[REBOL] Re: using parse to remove tags from html string
From: mgh520:yah:oo at: 19-Sep-2001 14:36
I picked this up again the other day, determined to solve it. It turns out I was really
close and debugging this has been helpful for understanding parsing, so I thought
I'd post my results. So here's a pretty simple and concise way to remove all tags from
a string (such as removing all html tags):
parse test [any [to "<" begin: thru ">" ending: (remove/part begin ending) :begin]]
The part I was missing before was the :begin at the end. What this does is still a bit
hazy. Here is a quote from an example in the /core users guide (search for
to find it):
Notice the :mark word used above. It sets the input to a new position. The insert function
returns the new position just past the insert of the current time. The word
mark is used to set the input to that position.
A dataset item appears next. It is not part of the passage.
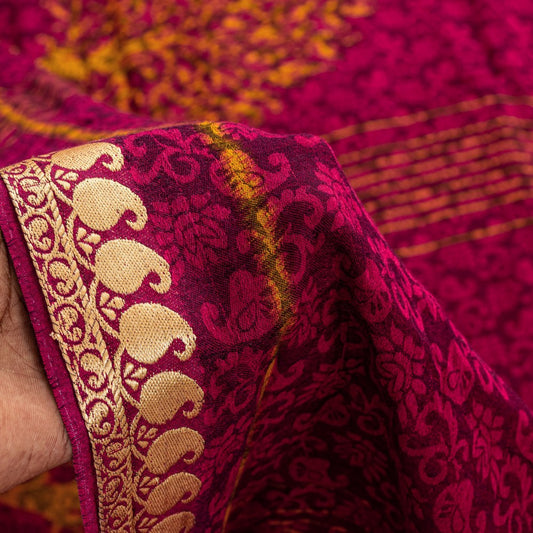 Sanskriti Vintage Sarees Home Decor Hot-Pink Pure Cotton Tree Printed 5+YD Sari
So as I understand it, :begin in my example resets the position in begin, so that the
next parse will find the first instance of '<'. Without :begin, it will not see that
'<' and will end up leaving the name tag, <Name>, in the string.
Here's a good way to display what is actually happening with this code:
parse test [any [to "<" begin: thru ">" ending: (print ["begin..." begin] print ["ending..."
ending] remove/part begin ending) :begin]]
This will show you what begin and ending are set to each pass through the string.
the play by play:
1. to "<" -- moves to the first instance of the '<' character in the string
2. begin: -- sets begin to the series starting at that position
3. thru ">" -- moves to the first character *after* the next '>' character
4. ending: -- sets ending to the series starting at that position
5. (remove/part begin ending) -- removes from series 'begin everything up until start
of 'ending. Since begin is pointing at the actual 'test series, when we do the
remove we are modifying test
6. :begin -- moves the insert position (I attempted to explain this above. If anyone
can better explain it, I'd be grateful).
and that's it! I know it's not much, but I was so excited when I finally got this to
work! Thanks for everyone's help, this is a great list.